*** Records supplied Section Begins ***
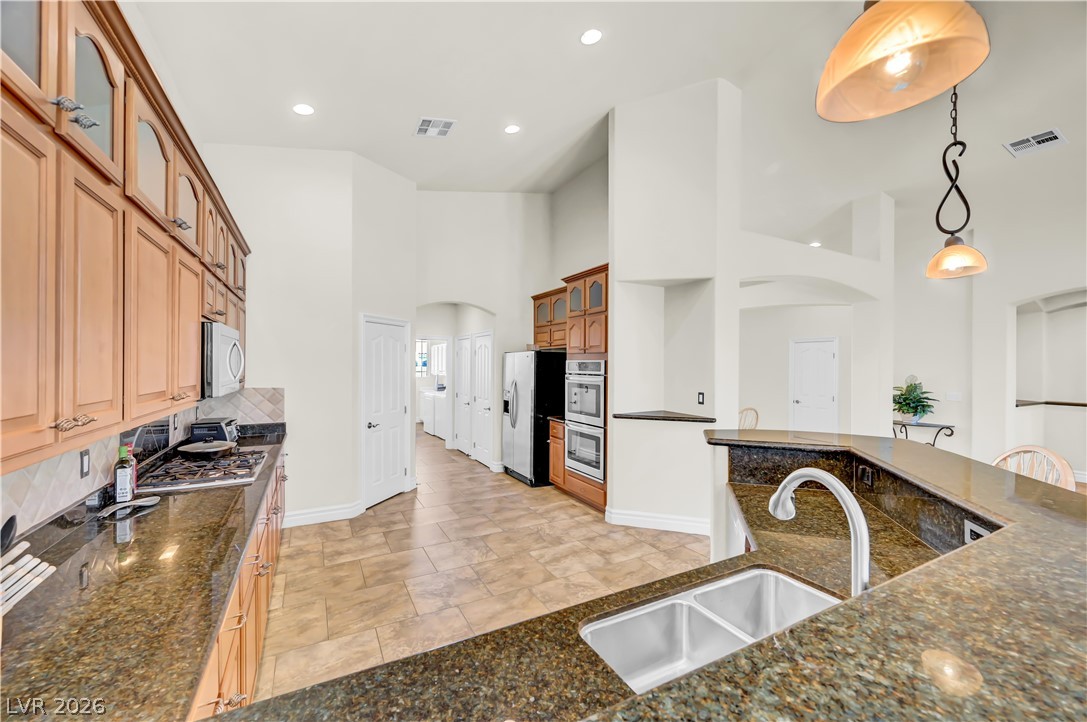 8215 Southern Comfort Avenue Las Vegas NV 89131
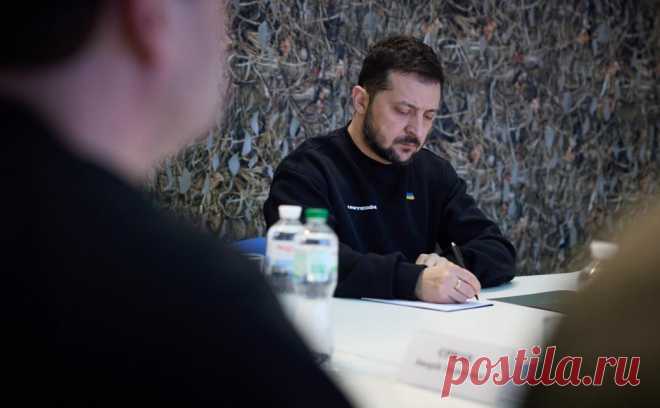 Зеленский заявил о нехватке «новых успехов» по поддержке Украины. По словам президента Украины, достижению мира мешает медлительность западных партнеров по оказанию поддержки. Он перечислил пять примеров такого положения, напомнив о желании получить современные истребители и дальнобойные ракеты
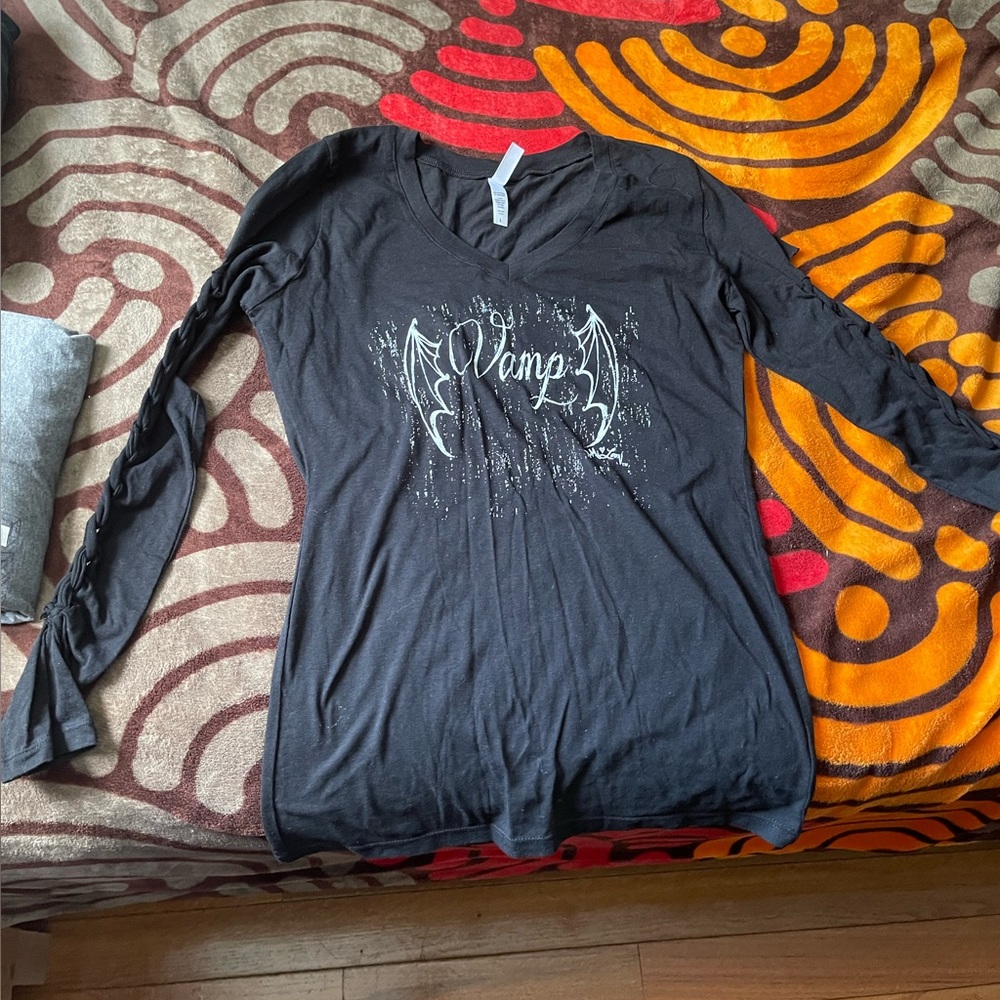 NEW long sleeve top
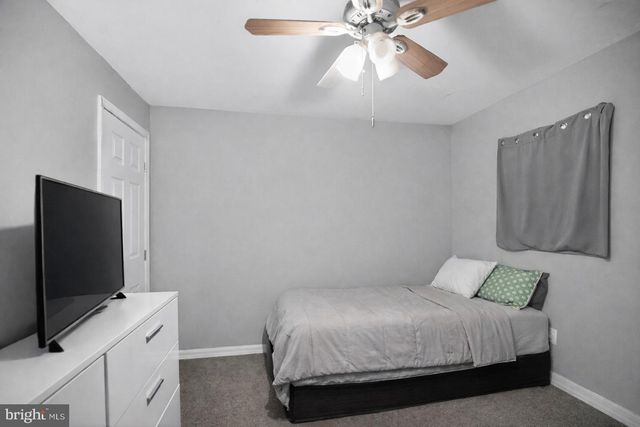 817 TULIP ST, Camden, NJ 08104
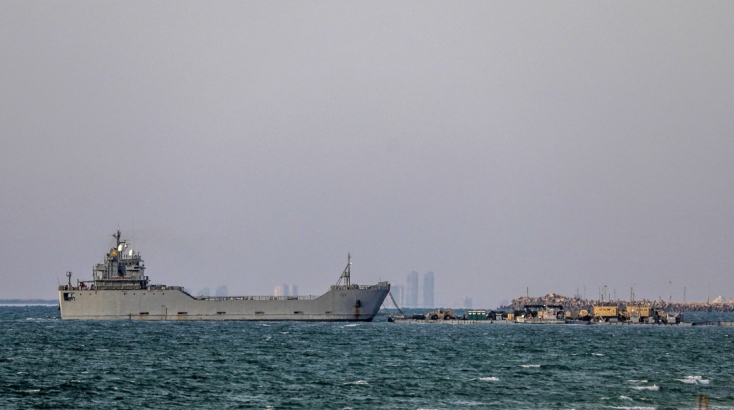 Πάνω από τριακόσιες παλέτες με ανθρωπιστική βοήθεια εκφορτώθηκαν, για πρώτη φορά, στην προσωρινή αποβάθρα που έστησε ο στρατός των ΗΠΑ.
*** Records supplied Section Ends ***
Retype each line of the data exactly, beginning with the first; include the line containing "NEW long sleeve top" and stop there, skipping every picture.

▸ Response for this exercise
 8215 Southern Comfort Avenue Las Vegas NV 89131
 Зеленский заявил о нехватке «новых успехов» по поддержке Украины. По словам президента Украины, достижению мира мешает медлительность западных партнеров по оказанию поддержки. Он перечислил пять примеров такого положения, напомнив о желании получить современные истребители и дальнобойные ракеты
 NEW long sleeve top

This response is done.